It turns out I hoard ebooks just as much as I hoard physical books. I love me a Humble Bundle stacked with interesting and unusual knowledge. Project Gutenberg is my jam. Give me that sweet, sweet free Tor download, baby, and heck yeah I’ll sign up for your newsletter.
But! This means that I have a not inconsiderable backlog of really cool stuff that I’m struggling to find time to put into my eyeballs. My digital “To-Read” pile is growing, not quite exponentially… But close.
It all started (cue Star Wars crawl) months and months ago when I read an article that I swear exists but cannot find now (thanks, technology) about speed reading. I thought it was interesting, but there weren’t a lot of apps for it, so I ended up downloading a Chrome extension and trying it out.
It’s super weird, you guys.
Instead of having your eyes flow across text, you focus on a single point and the words are flashed in front of your eyes. Because you don’t have to keep your place on a page, you’re able to take in more words per minute.

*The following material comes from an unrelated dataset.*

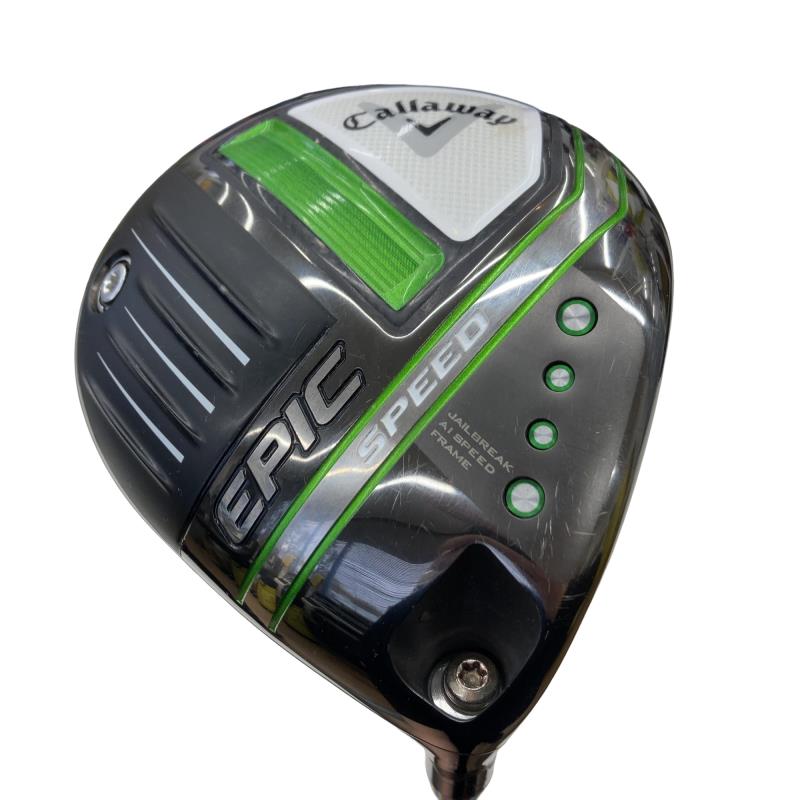 【中古】 キャロウェイ EPIC SPEED 10.5° ドライバー DR 純正特注シャフト (フレックスS) メンズ 男性用 右利き 右用 Cランク ゴルフクラブ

This takes a little bit of getting used to, since your eyes are pretty much trained to be moving along a line of text when you’re reading. In most apps I’ve seen, this is fixed by designating a place on the screen to focus your gaze, by highlighting a word or even a letter towards the center of the word.
And it works! Once I got the hang of it, I was really able to crank up the words-per-minute on my laptop from 300 wpm to around 500 wpm. But because I don’t do a lot of hardcore reading on my laptop, I didn’t use it as much as I should.
Smash cut to a couple months later, when I was scrolling through the Play Store and Reedly came up in my recommendation
I downloaded the app to my phone last week and I’ve been having a lot of fun absolutely blazing through a collection of MIT Essential Knowledge books I got in a Humble Bundle a couple months ago.
I’ve been looking into this and the research is fascinating. For some people, this is an effective way to speed up your reading. But while some people claim that they can read at a speed of 1000 words per minute, the research suggests that anything over 400-500 words overloads your brain’s short term memory and you cannot retain the information you’re reading.
My personal experience would seem to bear this out. I’ve settled on about 450 words per minute, which is fast enough to get through things quickly, but I don’t lose comprehension. It’s the same for both fiction and non-fiction.
I’d suggest everyone give it a try. While I haven’t found a speed-reader app I like on iOS, Reedy is a solid choice on Android. In addition to the speed reading mode, Reedy also has a regular reading mode, and a text to voice mode so you can listen to your books while you’re doing other things.